On Ash Wednesday, as they have been doing for over 150 years, penitents sat scattered among the polished pews of St. Patrick’s Cathedral, each managing to have a private moment in one of the world’s most public places. As they waited for the red indicator lights to point the way to an open confessional, they were presumably engaged in what catechisms refer to as an “examination of conscience,” an unfortunately sterile moniker that makes the process sound like something akin to an MRI test. Nevertheless, the catechisms and the penitents are right. If one is serious about engaging in a good spiritual stocktaking, then one’s conscience is the best place to start.

That is because human experience confirms a fact that few, including the nonbelievers among us, would seriously wish to dispute: within every human heart there is a voice exhorting us to avoid evil and to choose what is right, what is good. As the late philosopher W. Norris Clarke, S.J., wrote, we hear this voice “as an absolute, unconditional moral imperative: ‘You ought to do this good. You ought to avoid this evil.’” In other words, it is a general, categorical, even primordial command.

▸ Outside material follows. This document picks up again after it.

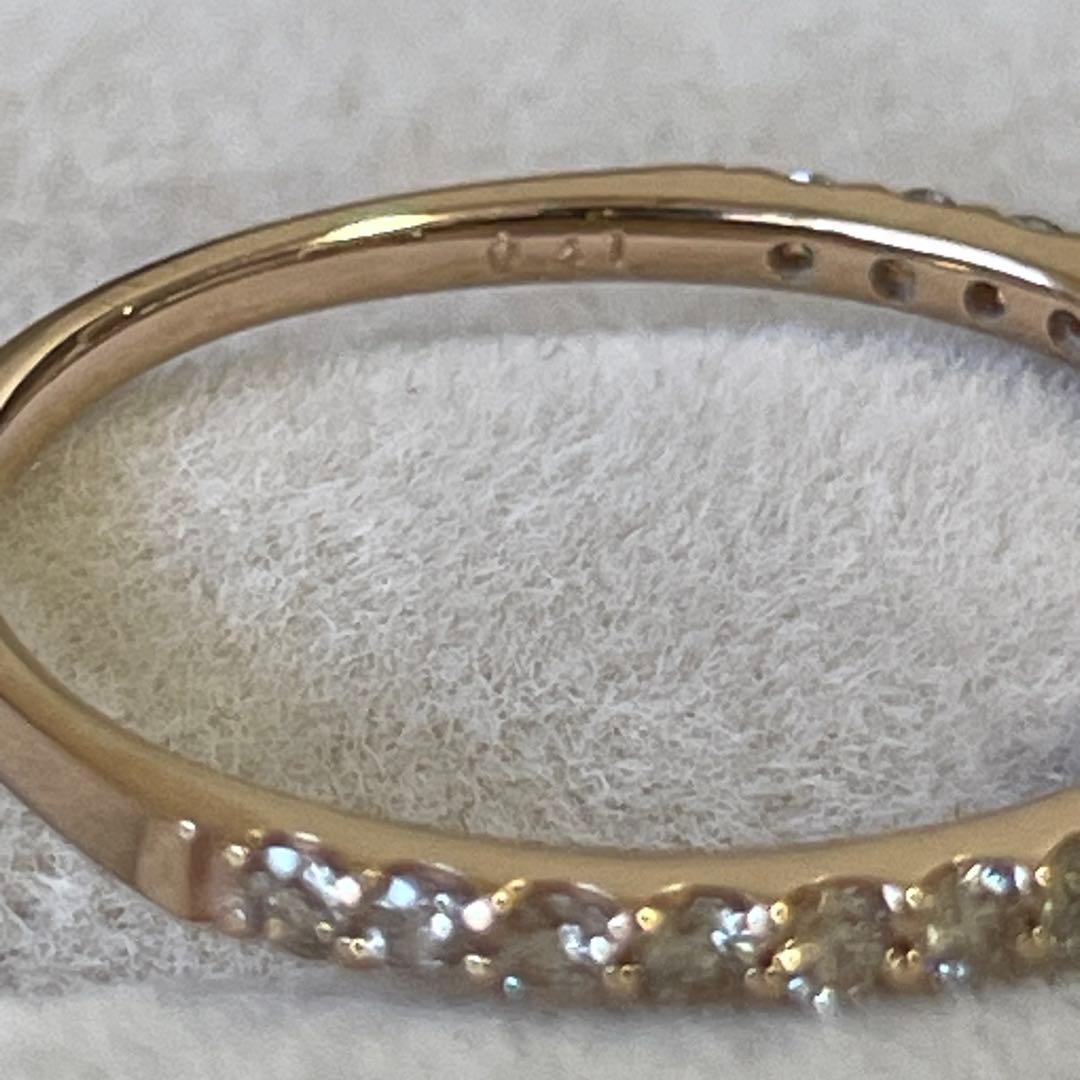 #12号♡K18♡0.41ct♡クローバーモチーフリング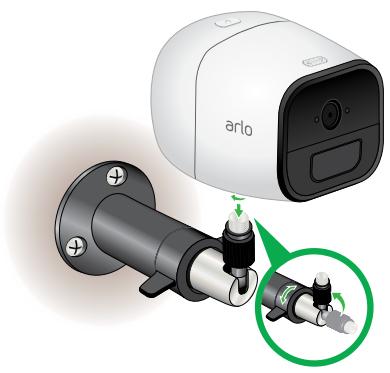 ARLO GO VMA4250 - Pour fixer la caméra au mur : - 2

But while most would agree that all of us have something like this voice within us, there is much disagreement about precisely where it comes from. St. Thomas Aquinas thought there were only three possibilities. The first is that this command is somehow my own creation. Thomas dispenses with this argument fairly quickly, however, arguing that I cannot be the source of this moral imperative because if I were, I could revoke it at any time. That arbitrariness just does not jibe with Thomas, because I experience this moral imperative as an abiding command, not as some moral standard I consciously chose one day. In other words, rather than being the product of my consciousness, it seems to impinge upon it, suggesting that it originates apart from me.

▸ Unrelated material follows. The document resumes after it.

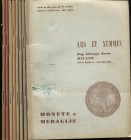 ARS ET NUMMUS. Milano, 1963. Listini a prezzo fisso ( 8 Fascicoli 1964.) completo, il n 7\8 ha un ritaglio nella tavola. con tavole di illustrazioni. ...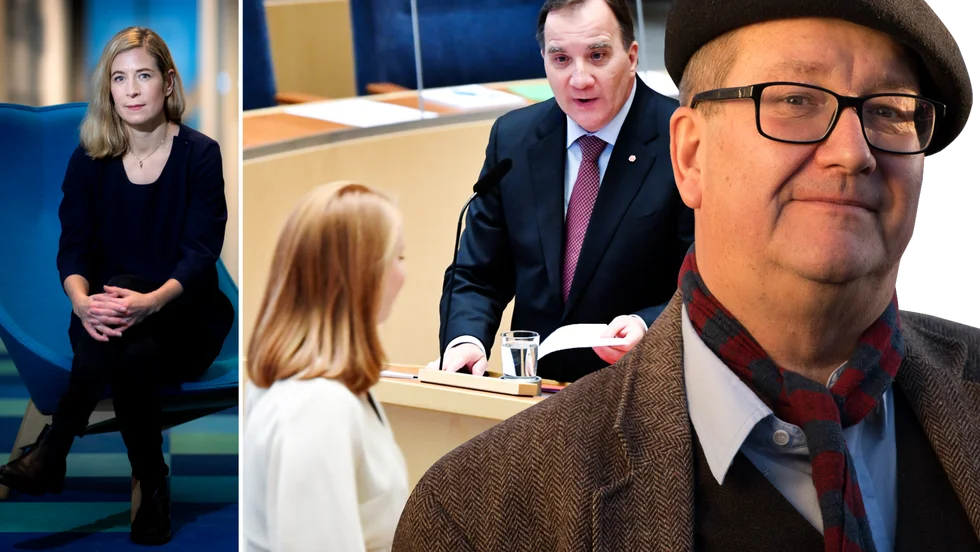 Karin Pettersson, Aftonbladets kulturchef, vill riva sönder Januariavtalet mellan S, C, MP och L. NSD-krönikören och statsvetaren Stig-Björn Ljunggren beskriver det som "en rävgrytsformulering".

The second possible source for this moral command is corporate—it comes to me from my parents or from society. This is a view held by many moderns, who claim that much of morality is simply a social construct.

But if this were true, we could easily dismiss the command of conscience as soon as we discover its source: a flawed, possibly mistaken human authority. Yet human experience tells us that it just cannot be dismissed that easily. That is why people frequently refer to their conscience as “nagging.”

Thomas concludes that if the voice does not originate with me and is not the voice of the community, then it must be the voice of God. “Either moral obligation is an illusion,” Clarke writes, agreeing with Thomas, “foisted on me by the sheer power or persuasion of human society; or the ultimate source must be an absolute unconditional Law-giver.” This line of reasoning constitutes what is popularly known as the argument for the existence of God from the imperative of conscience.

Now if all this seems a little dry and too philosophical, then consider this: embedded within the argument, indeed within our consciences, is a pathway to a deeply åintimate, personal spirituality, not one through which we simply discover the rules by which we are to live (frankly, they are generally known to us already) but also one through which we discover the relationship through which we are to live. The imperative of conscience is God’s daring and generous offer to live among us in the most privileged and private parts of our lives. For in our consciences we discover who we are through a uniquely personal encounter with God’s spirit. We learn once again that God will not be outdone in generosity and that the penitents in the pews at St. Patrick’s that day were the luckiest people on Fifth Avenue.